*Given data*
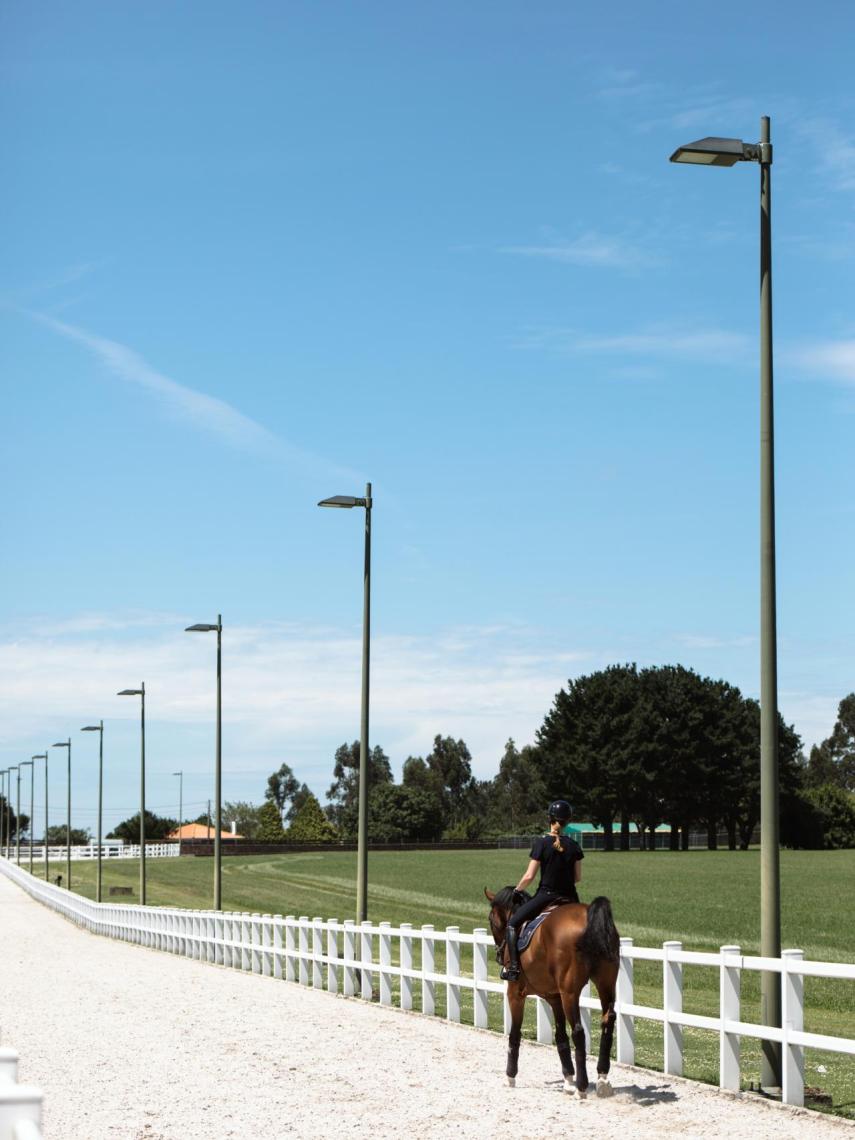 Un caballo en una manga del hipódromo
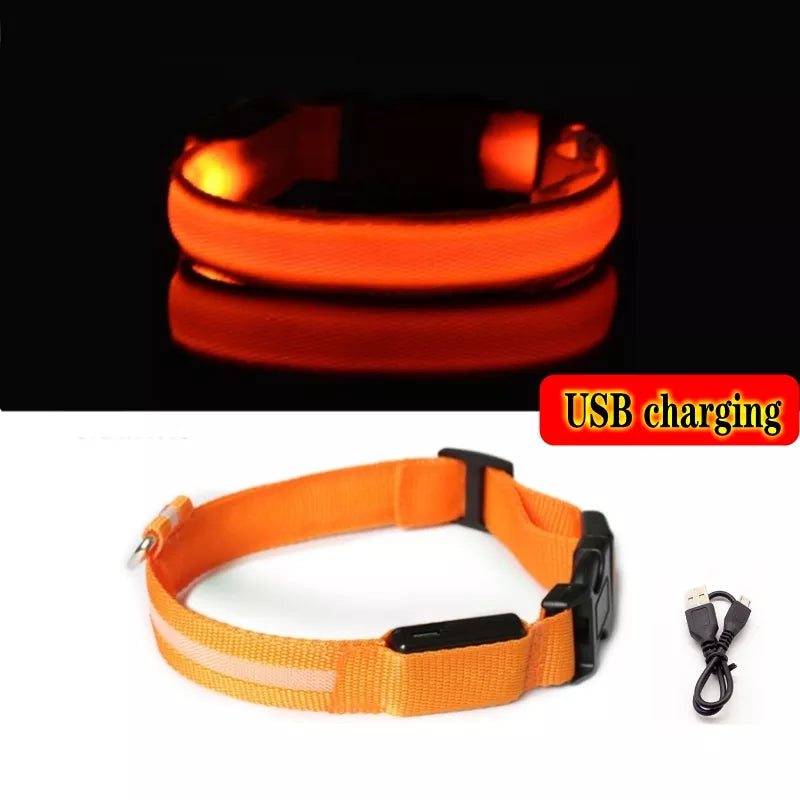 Collier Chien Lumineux Led et Batterie - Light-Pile Poils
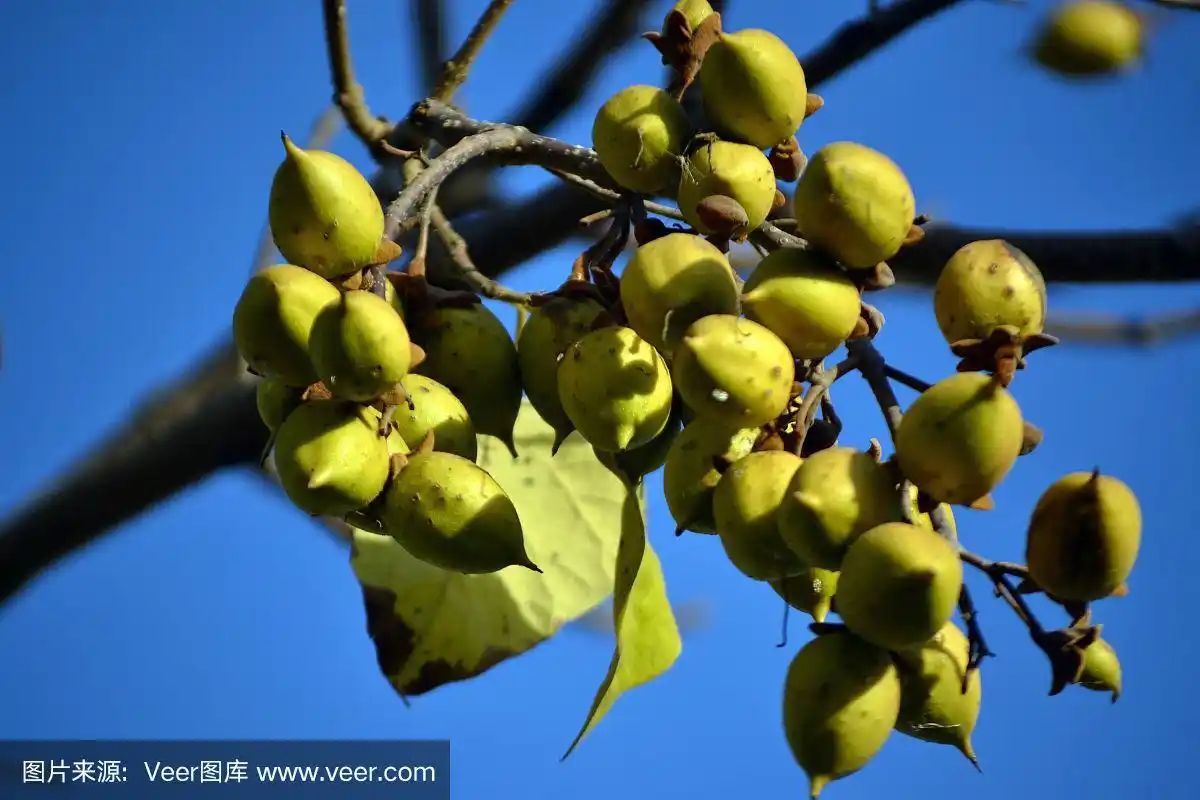 毛囊泡桐树的绿色果实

*Task objective*
Exact copy, pictures removed: set down the whole listing above.

*Solution*
 Un caballo en una manga del hipódromo
 Collier Chien Lumineux Led et Batterie - Light-Pile Poils
 毛囊泡桐树的绿色果实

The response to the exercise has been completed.